Their every word and action is tailored and dissected to be as inoffensive as possible, with startling cynicism. New female recruit Starlight (Erin Moriarty) has her costume changed to an extremely revealing number under the guise of feminist empowerment, regardless of her reluctance to show so much skin. The overall message takes precedent over the particularities of the individual. Upon being forcibly outed by Homelander, Wonder Woman-esque Queen Maeve (Dominique McElligott) is hastily re-branded as a lesbian icon (BraveMaeve being the chosen slogan) despite her protestations that she is actually bisexual. Vought’s reasoning? That the American public find ‘lesbian’ to be a more “definite” sexual orientation. In Season 2, The Deep (Chace Crawford) a character with a heinous history of female harassment, re-legitimises himself by shooting a nail-bitingly saccharine PSA replete with him telling a creepy man, “that’s not cool” (possibly a jab at Gillette’s controversial commercial which took a similar approach).
It's a dark look at the machinations of “performative wokeness” as it has been called on the Internet - attempts to appear superficially inclusive and socially conscious masquerading a general lack of genuine care for the issues, aside from their value as branding to hide the smell of dirty laundry.

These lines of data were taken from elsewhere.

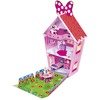 Set de construit din carton ecologic Minnie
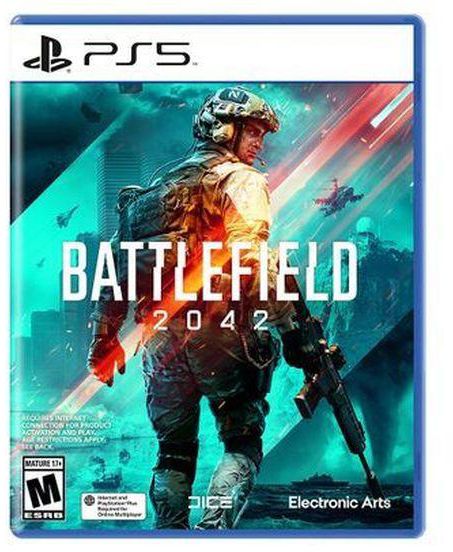 Electronic Arts Battlefield 2042 - English Edition - PlayStation 5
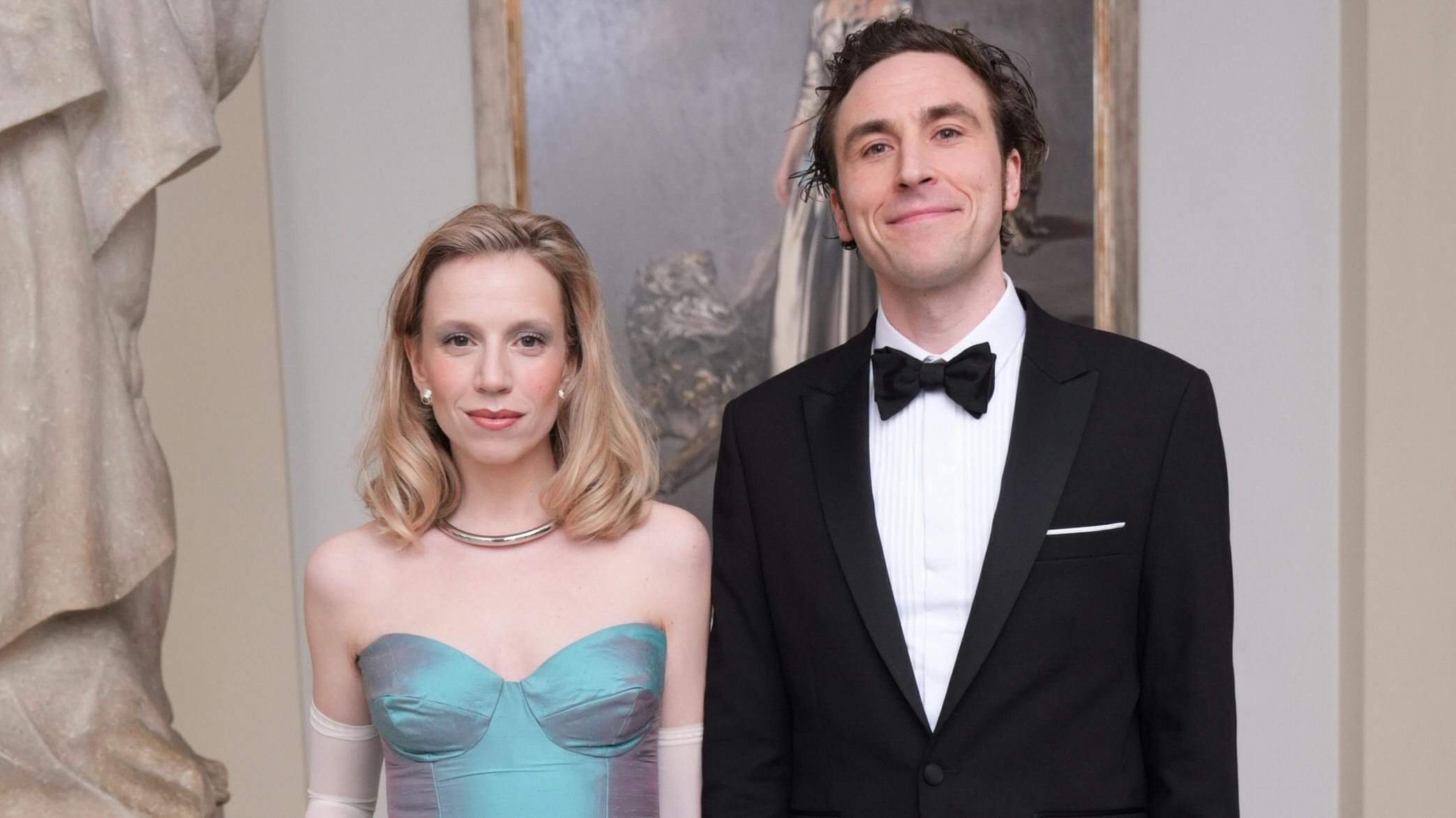 Emma Sehested Høeg og Jonas Visti.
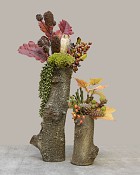 Tall Woodland Elegance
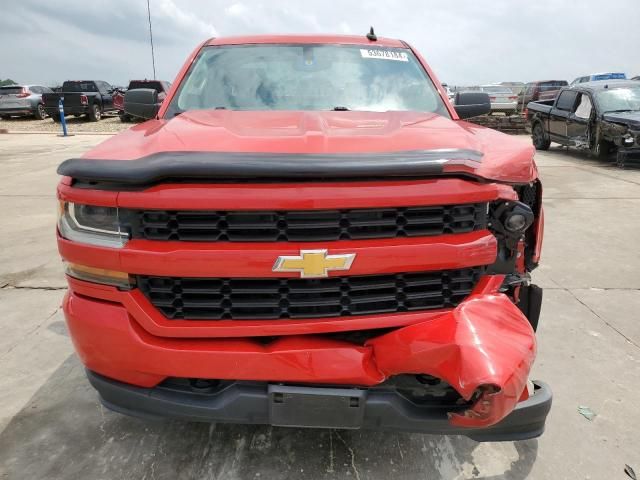 2018 Chevrolet Silverado C1500 Custom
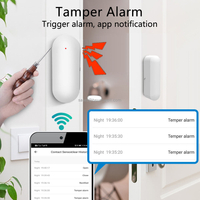 Best Price Tuya Wifi Door Sensor Magnetic Door Window Sensor Alarm Smart Wifi Door Sensor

Disney, one of The Boys’ recurring punching bags, is an especially egregious offender. Think of the claims of LGBTQ representation in Star Wars: The Rise of Skywalker that boiled down to a blink-and-you’ll-miss it kiss by two female background characters, the removal of African-American John Boyega from posters advertised in China, or the companies constant self-congratulations on the Mulan remake’s role as transgressive, despite its filming in partnership with authorities involved in the ongoing genocide of Uighyur Muslims in Xinjiang.
Superheroes are a form of escapism, like all fiction, but there is a limit to how far we can retreat into fantasy. As the modern day mythos of our popular culture, superheroes should serve as ideals to strive towards, but also never abandon the elements of societal critique and introspection that they offered. Captain America was punching Hitler all the way back in 1941, and even gave up the mantle during the Watergate Scandal as Marvel’s way of reflecting the loss of faith in American politics. The squeaky clean, colourful CGI of the MCU is harmless, but it shouldn’t become the norm, and it shouldn’t set a precedent for pop culture to be mired in disingenuous marketing that refuses to give the audience enough respect to dare to challenge them. It is the current state of superheroes today that contributes to the derision heaped by many on popular culture as lacking substance or even intellectual value. The Boys triumphs as a sharp burst of fresh-air, and dares to show that even on an Earth where men can fly, society still has its warts.